Costner gives one of the best performances of his career as Charlie, the quiet but dangerous man with a
past, and though Spearman suspects his friends past, it is never discussed till Charlie decides the time is
right. He makes it clear he did not enjoy that life, but when necessary he is willing to strap on the guns
and do it again. There is a sadness to Charlie that is unspoken, a sense of something missed, but an
awareness that he might gain it with Sue. All business during the gunfight, there is little doubt that he
was once a killer, no question he was very good ata killing, no question he is a dangerous man.
Duvall is superb as always as Spearman, the old trail boss steeped in decency and old west virtues. He
is in every way a good man, drawn into a terrible situation by a very evil man, Baxter, who enjoys far too
much the power he wields over the townsfolk. The actor looks as at home in a western as John Wayne
did, his face now wrinkled into sort of Mount Rushmore of goodness. Perfect casting. He and Costner
have a lovely chemistry together, they seem to have been together for more than twenty years on
screen.

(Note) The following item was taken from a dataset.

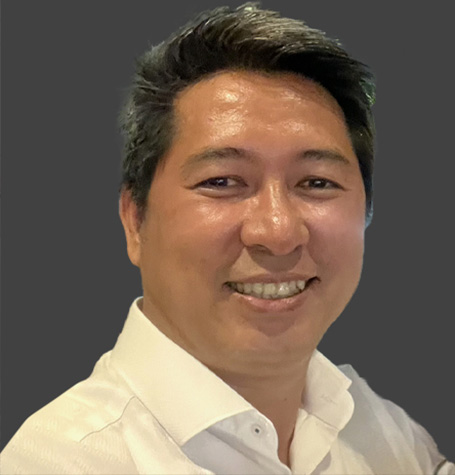 Tuan Quoc Nguyen - Hitachi Digital Services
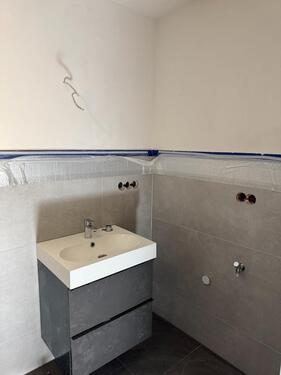 Foto - Etagenwohnung in Gifhorn zur Miete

Just a very easy, relaxed chemsitry between the two.
As Baxter, Michael Gambon is frightening, willing to kill for a bit of grass, taking pride in the fear he illicits
from the town, and the terror he tries to bring to Spearman and Charlie by going after their weaker
employees.
And Annette Bening, always lovely, is wonderful as Sue, a woman on the other side of forty who sees in
Charlie a chance to give the love she has been saving up.

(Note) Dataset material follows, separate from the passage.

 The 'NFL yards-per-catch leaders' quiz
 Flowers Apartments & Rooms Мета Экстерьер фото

Michael Jeter, a beloved character actor so good in The Fisher King (1991) gives one of his last
performances as Percy, filling the Walter Brennan role as the old codger who sides with the good guys
and proves to be of more use than we think he can. Not as much as comic relief as Brennan was used
for, instead Jeter has a deeply moving scene reading a letter Charlie leaves for Sue in the event he be
killed. Canadian actor Kim Coates has a splendid cameo as the other sides gunslinger, gunnned down in
a single shot as the fight starts.
The film did very well the summer of 2003, was well reviewed, and in many ways is a better film than
Dances with Wolves (1990), but being a western did not find the audience it needed to find some Oscar
success. It should have, as it is one of the best westerns ever made, containing a realistic and
frightening gunfight that gives some idea of how fast things happened with gunplay, and how important
having a cool head and no fear meant. Certainly one of the best films of its year and the new century,
Open Range (2003) proved yet again that the American western is one of the most enduring genres in
film history.
By the end of the year, other bigger films had come out giving Open Range no real shot in the Oscar
race, but I believe it should have been there.

1 Comment

  • Sharon
    On April 20, 2022 11:27 pm 0Likes

    Thank you for this wonderful REVIEW! This is my favorite western film of all time and everything you said about it is TRUE. It is masterful and, i feel, so sadly underappreciated. The one thing i would add is the screenwriting is perfect, too. It all rings so true for the era. A perfect film, in my opinion.